パパは、死んでしまったわたしのことをいつまでも思ってくれて、他のことに興味を持てないでいる。だけど、それじゃあだめ。だめなんだよ。
ママはわたしとパパのことを置いて出て行っちゃった。わたしはママのことを覚えていないから、わたしにとって、パパだけが世界のすべてだった。
わたしは、山中さんに「ごめんね。大丈夫だから、もうちょっと頑張って」と言葉をかける。ずっとパパのことを見ていた。この人なら、きっとパパと幸せにやっていける。そう感じた。わたしももう中学一年生になるんだから、いつまでもパパに甘えちゃいられないよね。

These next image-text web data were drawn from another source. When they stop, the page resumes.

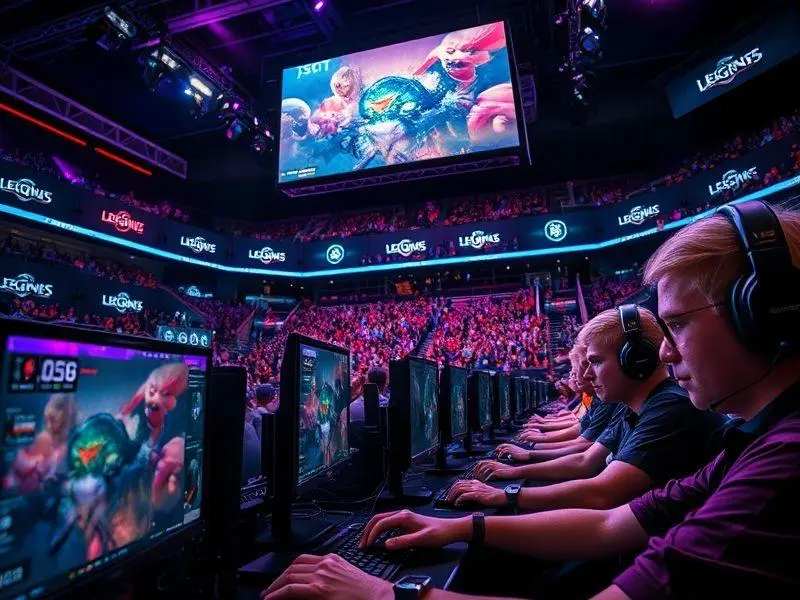 Arena de E-Sports com jogadores concentrados e fãs entusiasmados.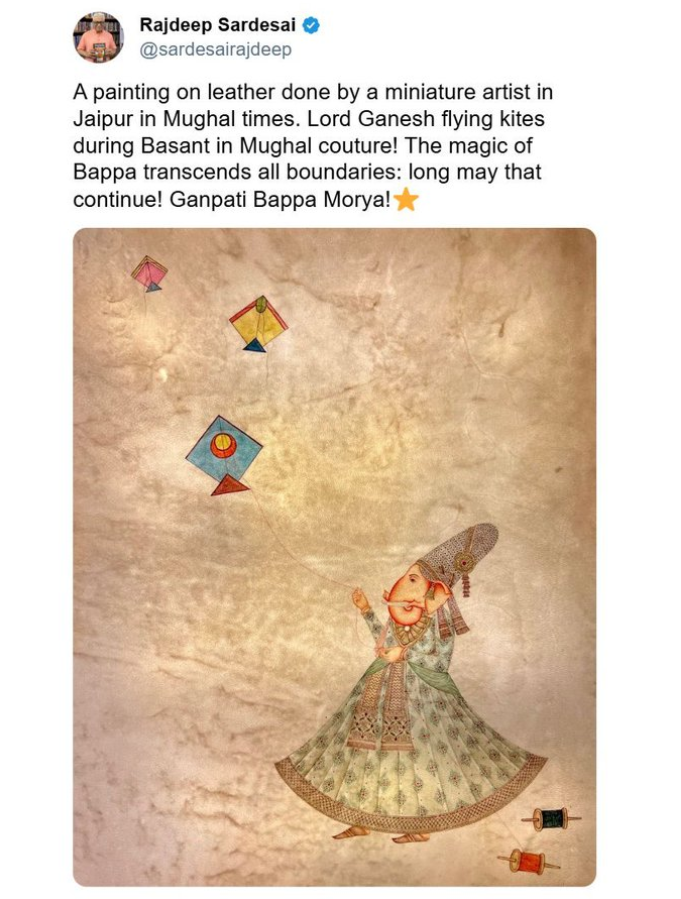 ShreeHistory's tweet photo. The painting is neither Mughal nor from Mughal times.
This was done by Riazuddin for Kaash Gallery in Bengaluru in September 2023.
Here is the picture from the gallery. Check the reply for other links. https://t.co/Nkbid6r40Y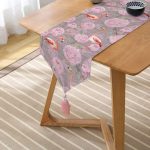 Flamingo Desenli Dijital Baskılı Püsküllü Şönil Üçgen Runner Realhomes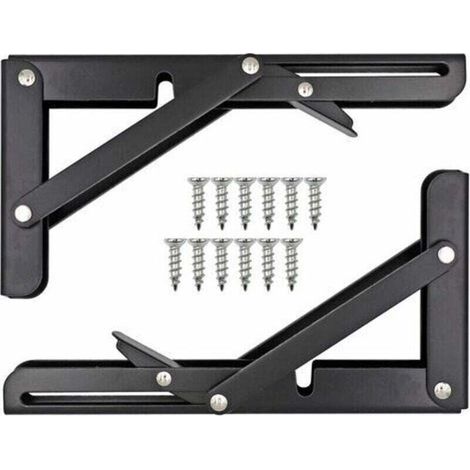 Neige-Equerre Pliable Etagere, XU,Tablette Murale Rabattable,Equerre Pliable Charge Lourde Consoles et Taquets pour éTagèRes Utilisé Destiné à éTabli, éTagèRe,8 Pouces - KZQ (1/4)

パパ、ごめんね。わたしが未練たらたらで残っているばっかりに、パパの人生をぐちゃぐちゃにしちゃって。もう六年だよ。ごめんね。
「あれ……これは……」
山中さんはようやっと手提げカバンに気づいてくれたみたい。パパの忘れ物。わたしが、忘れさせたもの。
それはとっても大切なもので、必ずそれは今日必要になるはずだから。
「届けてあげなきゃ」
山中さんは仮病を使って早退し、手提げカバンを持って、会社を出た。
「どうしよう、メールとか知らないし……」
思い出して。あなたは昨日、パパがどこの霊園に行くか世間話の中で耳にしていたはずよ。
「そうだ。桜の咲く、あの霊園だ」
そう言って、タクシーを呼び、車に飛び乗った。わたしもこっそり、隣におじゃまさせてもらう。
タクシーはきっと、電車より早い。パパが到着する頃くらいには追いつけるはず。山中さんは手提げカバンをぎゅっと抱きかかえた。
こらこら。壊さないでね。それ、わたしのなんだから。
*
『さくら さくら 会いたいよ いやだ 君に今すぐ会いたいよ』
だいじょうぶだよ ここにいる 私は春 あなたを抱く空
『さくら さくら 会いたいよ いやだ 君に今すぐ会いたいよ』
ありがとう ずっと大好き 私は鳥 あなたに歌い続ける
*
タクシーは霊園に到着した。桜がとてもきれい。
わたしも、あんな風にきれいに咲きたかったなあ。でも、それでも、これでいいんだって今は思うよ。運命だったのだから仕方ないよ。それでも、パパと会えて、パパと一緒に暮らせて、わたしは幸せだった。
桜が舞い散る中、山中さんは、霊園の中を走った。
広くて、きっとどこにパパがいるかわからないんだな。違う方向へ行く度に、そっちじゃないよ、とわたしは強く念じた。その都度、山中さんは方向を修正して、わたしのお墓のほうへと向かった。
そして、そこにはパパが居た。
「あれ……山中さん。なんでここに」
パパは少し怪訝そうな顔をする。忘れ物にまったく気がついていない。本当にパパはバカなんだから。わたしが居ないと何もできない。だけど、これからはちゃんとやっていってもらわないと。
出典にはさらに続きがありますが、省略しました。